The Trump administration finished negotiating the United States-Mexico-Canada Agreement almost 14 months ago. The nonpartisan U.S. International Trade Commission estimates the deal will increase global U.S. farm exports by 1.1%, or $2.2 billion a year.

Much of the gain would come from higher exports of dairy and poultry products to Canada. Quotas would be lifted, but not eliminated, before tariffs that range from 200% to 300% took effect.

The USMCA also would set up new processes for resolving sanitary and phytosanitary issues, and approving biotechnology.
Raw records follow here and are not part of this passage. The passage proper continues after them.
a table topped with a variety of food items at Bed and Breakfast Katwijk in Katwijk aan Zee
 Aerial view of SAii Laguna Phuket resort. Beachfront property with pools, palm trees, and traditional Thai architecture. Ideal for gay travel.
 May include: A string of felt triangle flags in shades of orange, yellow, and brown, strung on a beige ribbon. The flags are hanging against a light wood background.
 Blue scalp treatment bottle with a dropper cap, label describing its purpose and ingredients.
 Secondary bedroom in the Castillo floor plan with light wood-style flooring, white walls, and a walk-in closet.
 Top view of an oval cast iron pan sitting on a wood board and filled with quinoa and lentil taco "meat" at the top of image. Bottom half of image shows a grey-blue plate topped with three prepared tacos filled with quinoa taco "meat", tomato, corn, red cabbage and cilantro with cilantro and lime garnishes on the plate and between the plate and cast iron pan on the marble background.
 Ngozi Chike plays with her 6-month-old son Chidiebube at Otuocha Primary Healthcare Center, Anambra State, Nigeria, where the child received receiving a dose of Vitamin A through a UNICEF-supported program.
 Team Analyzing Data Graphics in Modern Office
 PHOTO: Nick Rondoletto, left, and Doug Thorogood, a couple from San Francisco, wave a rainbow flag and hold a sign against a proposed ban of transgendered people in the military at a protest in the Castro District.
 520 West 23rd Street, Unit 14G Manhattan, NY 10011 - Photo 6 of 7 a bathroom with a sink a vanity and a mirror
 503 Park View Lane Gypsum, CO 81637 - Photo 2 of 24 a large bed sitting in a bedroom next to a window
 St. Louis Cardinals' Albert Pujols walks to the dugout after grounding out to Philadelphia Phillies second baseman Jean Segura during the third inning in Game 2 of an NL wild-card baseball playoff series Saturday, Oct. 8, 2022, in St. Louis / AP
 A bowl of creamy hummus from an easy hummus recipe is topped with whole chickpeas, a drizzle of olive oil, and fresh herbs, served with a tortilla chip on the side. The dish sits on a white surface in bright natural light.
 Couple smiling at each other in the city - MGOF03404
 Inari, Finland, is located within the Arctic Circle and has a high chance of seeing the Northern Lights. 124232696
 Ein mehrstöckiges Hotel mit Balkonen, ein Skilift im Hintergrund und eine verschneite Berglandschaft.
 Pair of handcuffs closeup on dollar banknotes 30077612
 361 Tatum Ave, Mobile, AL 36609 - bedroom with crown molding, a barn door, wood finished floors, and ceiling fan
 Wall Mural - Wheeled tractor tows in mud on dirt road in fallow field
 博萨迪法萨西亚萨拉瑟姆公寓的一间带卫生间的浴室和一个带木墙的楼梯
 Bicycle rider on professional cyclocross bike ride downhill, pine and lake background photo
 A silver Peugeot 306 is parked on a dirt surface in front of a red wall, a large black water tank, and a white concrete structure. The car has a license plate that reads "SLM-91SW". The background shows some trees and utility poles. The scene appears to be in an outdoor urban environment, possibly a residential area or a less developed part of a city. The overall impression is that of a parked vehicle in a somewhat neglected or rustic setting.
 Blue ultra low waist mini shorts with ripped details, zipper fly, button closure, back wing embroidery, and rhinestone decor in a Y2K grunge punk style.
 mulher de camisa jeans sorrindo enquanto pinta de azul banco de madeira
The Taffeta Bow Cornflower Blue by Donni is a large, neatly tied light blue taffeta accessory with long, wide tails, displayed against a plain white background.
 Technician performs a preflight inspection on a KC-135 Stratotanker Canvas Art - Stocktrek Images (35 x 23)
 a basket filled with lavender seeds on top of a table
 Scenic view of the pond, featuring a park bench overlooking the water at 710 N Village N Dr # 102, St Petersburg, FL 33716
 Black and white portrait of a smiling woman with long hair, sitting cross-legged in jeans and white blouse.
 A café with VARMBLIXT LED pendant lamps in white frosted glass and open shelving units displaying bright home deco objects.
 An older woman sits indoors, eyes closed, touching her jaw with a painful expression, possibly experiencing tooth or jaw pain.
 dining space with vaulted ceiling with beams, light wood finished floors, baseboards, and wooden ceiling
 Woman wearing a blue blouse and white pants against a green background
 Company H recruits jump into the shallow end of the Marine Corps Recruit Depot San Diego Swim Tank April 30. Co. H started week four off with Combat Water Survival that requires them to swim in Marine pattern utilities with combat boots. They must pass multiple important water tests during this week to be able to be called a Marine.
The USMCA would replace the North American Free Trade Agreement. Labor and environmental groups have criticized the new deal.

While the agriculture directors were meeting in Canada, House Speaker Nancy Pelosi said an agreement among House Democrats that would allow for a ratification vote was “imminent.”

Meanwhile, NAFTA remains in force.

“There would be much more nervousness about (ratification) if there were no underlying agreement already in place,” Sandison said.

“We’re anticipating an incremental increase (in exports). NAFTA did the heavy lifting,” he said. “What Washington agriculture is interested in is, let’s not undo a good thing.”

Although the agreement remains unratified by the U.S., it’s already helped relations with Mexico, Sandison said.

Earlier this month, Sandison participated in a trade mission to Mexico led by U.S. Agriculture Secretary Sonny Perdue.

Sandison was on a trade mission to Mexico in May 2017 on the day that the Trump administration formerly demanded to renegotiate NAFTA. The Trump administration had already withdrew the U.S. from the Trans-Pacific Partnership.

”You could sense some hostility and annoyance,” Sandison said.

The negotiations leading to USMCA seem to have eased the tensions, he said. “There was a much better atmosphere than there was during the 2017 trade mission.”

The joint statement from the state and provincial directors acknowledged Mexico’s leadership in embracing NAFTA’s successor.